Jonathan, que até então não acredita numa única palavra dita por Diana, começou a dedicar-lhe atenção plena, e era como se ela pudesse mostrar-lhe aquela cena, num projetor de slides, dentro de sua cabeça. Jonathan podia ver e reviver todos os detalhes daquele momento de sua vida. Ela falava de sua mãe, e de quando ele, aos oito anos de idade, quase morreu.

"A mãe desse menino", disse Diana, continuando a narrar a estória que ouviu com tanto amor na sua infância: "segurava sua mão, e orava pela sua recuperação. Em suas preces, ela pediu ajuda de diversas divindades, na esperança de que alguma delas atendesse seu apelo. Pediu ajuda, inclusive, à protetora das mulheres, sem ao menos saber que havia uma. No fundo, porém, ela sabia. E a protetora das mulheres é Afrodite, que se comoveu com as lagrimas daquela mãe que temia perder seu filho, e a ajudou. Minha mãe, a Rainha Hipollyte, viu aquela cena, no espelho d'água do jardim no Palácio das Amazonas, e me contou que foi por causa daquela mãe que ela decidiu pedir à Deusa Afrodite, a dádiva de um dia também poder ser mãe".

Jonathan, forte como só ele, conseguiu segurar as lágrimas, enquanto Martha o abraçava. Ela também sabia daquela estória. Jonathan dizia que havia sido um milagre, que ele sentia, mesmo sendo um garoto de apenas oito anos, que ia morrer de tanta febre. Lembrava das preces que sua mãe fazia ajoelhada ao seu lado da cama, e principalmente, das canções, em especial, a da aranha Charlotte.

"Sr.
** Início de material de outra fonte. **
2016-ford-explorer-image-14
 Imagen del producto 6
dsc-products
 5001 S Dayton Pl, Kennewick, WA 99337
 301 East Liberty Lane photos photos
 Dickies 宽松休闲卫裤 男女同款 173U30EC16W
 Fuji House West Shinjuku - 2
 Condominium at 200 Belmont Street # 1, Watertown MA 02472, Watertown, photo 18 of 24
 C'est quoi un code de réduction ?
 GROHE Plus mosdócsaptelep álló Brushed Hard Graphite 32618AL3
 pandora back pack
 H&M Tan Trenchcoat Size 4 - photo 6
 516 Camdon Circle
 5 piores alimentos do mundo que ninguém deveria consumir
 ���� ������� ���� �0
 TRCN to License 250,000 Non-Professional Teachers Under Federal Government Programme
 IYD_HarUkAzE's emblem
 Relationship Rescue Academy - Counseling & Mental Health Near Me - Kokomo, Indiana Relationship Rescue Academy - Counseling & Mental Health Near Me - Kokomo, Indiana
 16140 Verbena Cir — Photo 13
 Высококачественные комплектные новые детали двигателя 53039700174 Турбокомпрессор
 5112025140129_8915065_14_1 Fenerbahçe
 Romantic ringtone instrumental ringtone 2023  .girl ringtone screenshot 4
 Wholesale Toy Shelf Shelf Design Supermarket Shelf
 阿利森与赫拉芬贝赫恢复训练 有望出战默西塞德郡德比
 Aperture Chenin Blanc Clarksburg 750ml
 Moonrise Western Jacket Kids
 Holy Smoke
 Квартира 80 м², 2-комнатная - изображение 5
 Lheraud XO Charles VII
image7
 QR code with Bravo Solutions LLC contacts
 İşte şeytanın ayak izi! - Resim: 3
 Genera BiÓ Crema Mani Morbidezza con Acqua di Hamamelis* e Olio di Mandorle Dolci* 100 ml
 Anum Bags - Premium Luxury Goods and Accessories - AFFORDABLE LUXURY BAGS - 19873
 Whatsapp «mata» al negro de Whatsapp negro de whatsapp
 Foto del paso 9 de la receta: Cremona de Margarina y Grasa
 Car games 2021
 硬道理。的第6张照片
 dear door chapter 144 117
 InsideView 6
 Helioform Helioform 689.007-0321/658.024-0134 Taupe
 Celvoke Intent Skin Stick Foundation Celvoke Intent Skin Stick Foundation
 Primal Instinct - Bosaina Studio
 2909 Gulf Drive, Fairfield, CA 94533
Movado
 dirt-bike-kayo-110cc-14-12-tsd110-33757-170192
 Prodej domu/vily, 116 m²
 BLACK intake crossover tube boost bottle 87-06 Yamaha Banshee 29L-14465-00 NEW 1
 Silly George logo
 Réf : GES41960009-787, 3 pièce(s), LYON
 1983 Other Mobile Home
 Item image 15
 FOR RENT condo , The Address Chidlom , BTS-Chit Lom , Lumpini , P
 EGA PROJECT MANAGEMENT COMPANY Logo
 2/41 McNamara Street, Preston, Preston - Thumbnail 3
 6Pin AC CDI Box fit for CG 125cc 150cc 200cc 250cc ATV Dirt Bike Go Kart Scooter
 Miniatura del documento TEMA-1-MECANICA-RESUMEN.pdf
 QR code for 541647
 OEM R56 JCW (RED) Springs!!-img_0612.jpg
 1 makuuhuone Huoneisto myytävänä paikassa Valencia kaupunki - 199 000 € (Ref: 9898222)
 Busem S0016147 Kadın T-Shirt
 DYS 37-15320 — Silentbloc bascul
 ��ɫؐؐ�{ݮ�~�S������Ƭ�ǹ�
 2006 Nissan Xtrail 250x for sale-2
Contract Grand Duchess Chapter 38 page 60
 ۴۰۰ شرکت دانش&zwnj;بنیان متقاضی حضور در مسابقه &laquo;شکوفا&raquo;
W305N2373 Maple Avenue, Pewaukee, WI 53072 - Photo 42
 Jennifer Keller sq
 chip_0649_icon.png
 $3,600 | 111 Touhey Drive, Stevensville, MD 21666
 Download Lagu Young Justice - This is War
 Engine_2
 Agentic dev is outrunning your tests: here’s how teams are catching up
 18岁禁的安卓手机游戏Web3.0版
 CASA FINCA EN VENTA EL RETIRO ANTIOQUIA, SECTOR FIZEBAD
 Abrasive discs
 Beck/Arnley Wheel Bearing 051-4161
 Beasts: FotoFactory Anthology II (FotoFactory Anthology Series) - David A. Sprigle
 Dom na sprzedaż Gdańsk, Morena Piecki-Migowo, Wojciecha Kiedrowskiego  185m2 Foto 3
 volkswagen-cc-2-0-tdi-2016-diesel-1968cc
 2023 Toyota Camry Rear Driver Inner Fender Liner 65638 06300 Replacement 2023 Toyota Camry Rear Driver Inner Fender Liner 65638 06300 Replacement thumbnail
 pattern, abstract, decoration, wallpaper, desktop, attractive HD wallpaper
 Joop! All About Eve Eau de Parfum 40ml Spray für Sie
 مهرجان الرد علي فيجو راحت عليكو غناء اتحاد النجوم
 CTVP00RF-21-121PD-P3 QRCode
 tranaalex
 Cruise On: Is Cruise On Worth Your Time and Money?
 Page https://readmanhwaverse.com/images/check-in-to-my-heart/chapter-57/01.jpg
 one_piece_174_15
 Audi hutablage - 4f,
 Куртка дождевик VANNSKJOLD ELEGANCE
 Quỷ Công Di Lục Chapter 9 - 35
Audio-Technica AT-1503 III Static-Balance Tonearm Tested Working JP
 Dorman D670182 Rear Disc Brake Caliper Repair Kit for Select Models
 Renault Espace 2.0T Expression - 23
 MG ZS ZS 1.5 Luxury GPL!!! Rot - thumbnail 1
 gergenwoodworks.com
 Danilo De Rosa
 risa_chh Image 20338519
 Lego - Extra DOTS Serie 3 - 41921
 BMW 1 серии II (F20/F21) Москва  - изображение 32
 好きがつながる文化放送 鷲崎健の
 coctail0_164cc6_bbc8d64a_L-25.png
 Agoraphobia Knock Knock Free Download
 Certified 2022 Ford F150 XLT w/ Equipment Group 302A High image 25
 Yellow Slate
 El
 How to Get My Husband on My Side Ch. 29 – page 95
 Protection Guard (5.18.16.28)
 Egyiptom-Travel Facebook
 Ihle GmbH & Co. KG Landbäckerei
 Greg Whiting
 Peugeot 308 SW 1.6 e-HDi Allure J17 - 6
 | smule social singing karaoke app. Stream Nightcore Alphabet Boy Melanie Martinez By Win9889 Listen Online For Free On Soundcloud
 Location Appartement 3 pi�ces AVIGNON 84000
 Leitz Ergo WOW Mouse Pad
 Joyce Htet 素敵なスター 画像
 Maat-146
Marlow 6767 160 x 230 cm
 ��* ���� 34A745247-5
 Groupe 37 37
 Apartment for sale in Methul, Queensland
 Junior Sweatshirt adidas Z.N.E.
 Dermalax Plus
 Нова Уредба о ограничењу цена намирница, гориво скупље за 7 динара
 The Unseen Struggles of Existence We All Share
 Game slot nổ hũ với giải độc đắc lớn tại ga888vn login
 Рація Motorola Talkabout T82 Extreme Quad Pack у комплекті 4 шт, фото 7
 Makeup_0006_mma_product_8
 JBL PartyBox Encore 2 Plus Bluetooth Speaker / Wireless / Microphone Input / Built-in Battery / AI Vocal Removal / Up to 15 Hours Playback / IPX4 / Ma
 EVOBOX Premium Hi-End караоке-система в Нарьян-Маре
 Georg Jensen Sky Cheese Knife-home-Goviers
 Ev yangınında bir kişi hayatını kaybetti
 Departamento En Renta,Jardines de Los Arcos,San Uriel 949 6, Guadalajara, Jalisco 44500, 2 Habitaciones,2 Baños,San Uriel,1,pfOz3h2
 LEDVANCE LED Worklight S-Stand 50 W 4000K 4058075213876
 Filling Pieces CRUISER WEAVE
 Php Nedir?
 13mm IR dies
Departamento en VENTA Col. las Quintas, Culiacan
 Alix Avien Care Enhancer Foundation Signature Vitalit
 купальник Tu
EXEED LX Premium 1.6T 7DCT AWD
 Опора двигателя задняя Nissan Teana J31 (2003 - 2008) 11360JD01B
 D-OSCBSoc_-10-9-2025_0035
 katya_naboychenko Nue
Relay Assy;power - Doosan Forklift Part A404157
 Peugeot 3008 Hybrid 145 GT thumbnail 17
Kent, se eu estou aqui, é porque eu precisava conhecer pessoas como vocês, como a sua mãe, pessoas que me façam pensar o contrário do que as mulheres em Amazonia pensam: que os homens do seu mundo só fazem desgraças uns contra os outros", conclui ela.

Clark, comovido, apoiou a mão no ombro do pai, e disse:

"Precisamos ir agora, pai".

"Tudo bem, filho", disse ele, recompondo-se, "mas sejam rápidos, pois vou ligar para a xerife estar lá dentro de instantes".

Enquanto Clark e Diana saíam pela porta dos fundos, Jonathan chamou:

"Diana!", ela se virou, e ele disse: "Obrigado pela lembrança".